RTR3KXLZEduardo Munoz/ReutersGlenn Greenwald arrives to the George Polk Awards in New York on April 11, 2014

No Place To Hide is journalist Glenn Greenwald’s book-length account of the biggest leak in the history of U.S. intelligence. While it’s gained attention for its first-hand account of Greenwald’s relationship with NSA leaker Edward Snowden, it has plenty of other eye-catching tidbits. Like:

Snowden’s close brush with George W. Bush. The man who would eventually leak thousands of the most sensitive documents in the entire U.S. government was once “considered the top technical and Cybersecurity expert” among CIA staffers in Switzerland, and “was hand-picked by the CIA to support the president at the 2008 NATO summit in Romania.”

Snowden got a job at Booz Allen Hamilton with the express intent of taking secret documents that he would later leak — months after he first got in touch with Greenwald. “In early 2013, [Snowden] realised that there was one set of documents he needed to complete the picture he wanted to present to the world that he could not access while at Dell. They would be accessible only if he obtained a different position, one where he would be formally assigned as an infrastructure analyst, allowing him to go all the way into the raw surveillance repositories of the NSA,” Greenwald writes. “With this goal in mind, Snowden applied for a job opening in Hawaii with Booz Allen Hamilton…He took a pay cut to get that job, as it gave him access to download the final set of files he felt he needed to complete the picture of NSA spying.” Greenwald writes earlier that Snowden first contacted him on December 1, 2012, weeks before this happened.

PRISM, a program that facilitated the NSA’s access to information collected by various web-based companies, might have been pretty useful. According to an NSA document included in the book, entitled “PRISM Expands Impact: FY12 Metrics,” “reports derived from PRISM collection” were cited in the President’s Daily Brief 1,477 times in 2012, constituting 18% of all signals intelligence reports that made it into the Brief — the highest percentage among any of the NSA’s signals intelligence projects. As the CIA’s website puts it, the Daily Brief is an “all-source publication that the president relies upon heavily to inform his national security decisions.”

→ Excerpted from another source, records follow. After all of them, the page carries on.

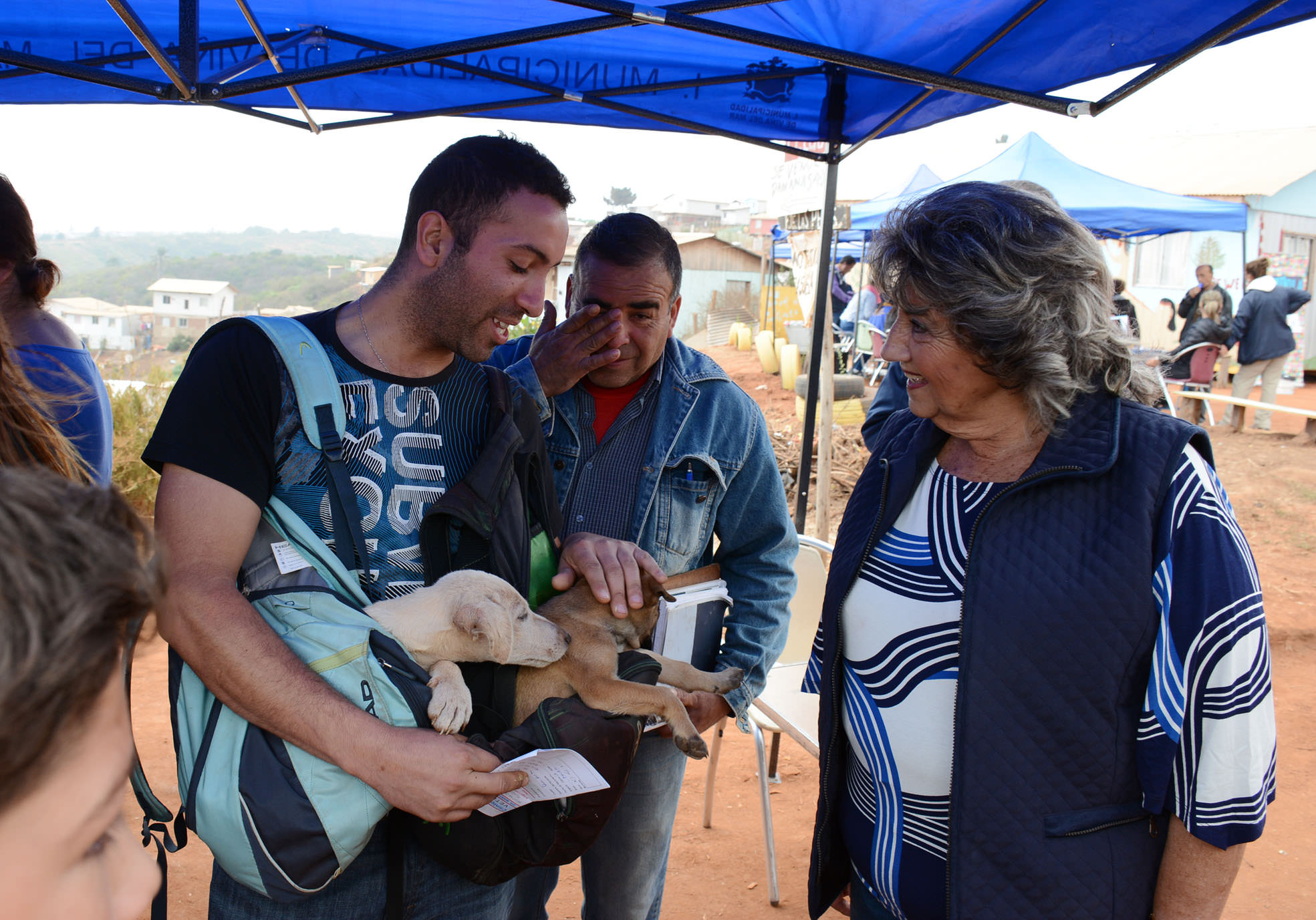 Campamento Felipe Camiroaga de Forestal fue beneficiado con operativo social de la Municipalidad de Viña del Mar
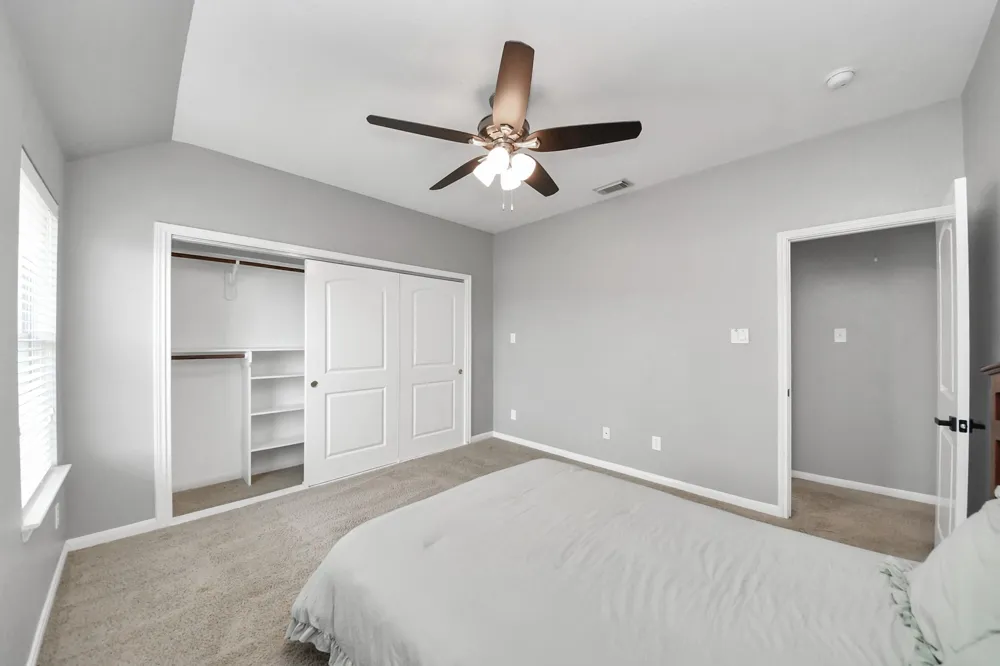 2014 Orchard Spring Drive Pearland, TX 77581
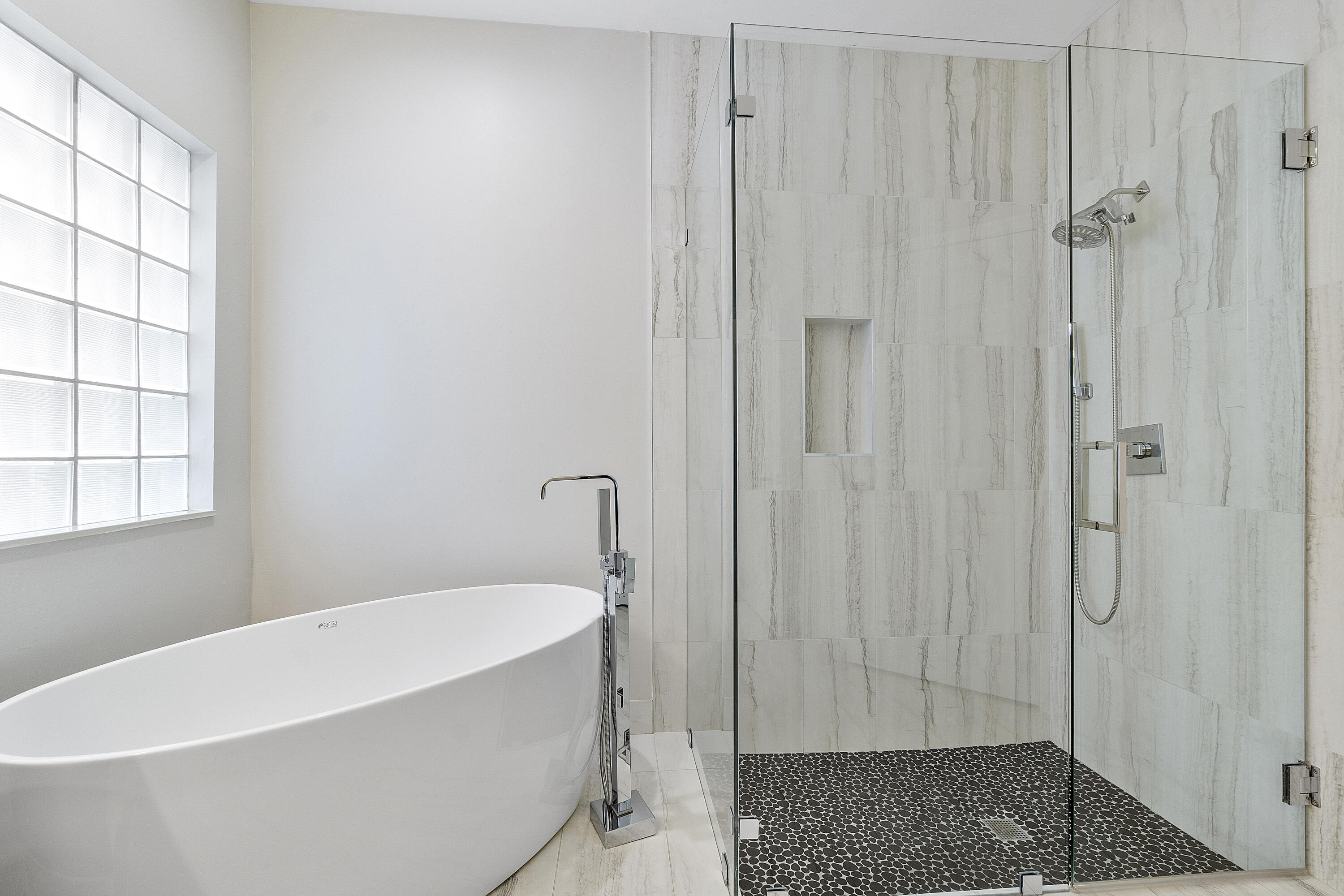 MAYFAIR AT PARKLAND - Residential Lease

While she was U.S. ambassador to the United Nations, current National Security Advisor Susan Rice requested the NSA’s help in surveilling diplomats from countries that were “riding the fence” on Iran sanctions. “Ambassador Rice reached out to the NSA requesting SIGINT on those countries so that she could develop a strategy” according to an NSA document from May of 2010. “With the requirement that this be done rapidly and within our legal authorities,” an NSA team “jumped in to work with organisations and partners both internal and external to NSA.”

Greenwald doesn’t seem to the think that Russian state-owned economic assets are fair game for U.S. surveillance. “One remarkable document presented by the NSA and the GCHQ detailed numerous surveillance targets that were plainly economic in nature: Petrobas, the SWIFT banking system, the Russian oil company Gazprom, and the Russian airline Aeroflot.” Greenwald uses this as evidence that “the NSA spies for precisely the economic motive it has denied,” and has an “economic interest” that goes beyond national security. Gazprom, which supplies much of western Europe with natural gas, is widely recognised as an instrument of Russian regional policy, and some might question Greenwald’s characterization of the NSA’s efforts against the company as “economic” in nature.

The Snowden documents address a strange gap in the NSA’s surveillance. Namely, passenger aeroplanes. In 2012, the NSA cooperated with other members of the “Five Eyes” Anglophone intelligence alliance (Canada, the UK, Australia and New Zealand) to develop Thieving Magpie, a program for intercepting data and telephonic communications originating on airborne commercial flights — a huge technical challenge for the agency, and one of the few holes in the NSA’s capabilities. Greenwald offers no evidence that the program was abused or even operationalized, but mentions Thieving Magpie primarily as an example of the NSA’s alleged “collect it all” mentality.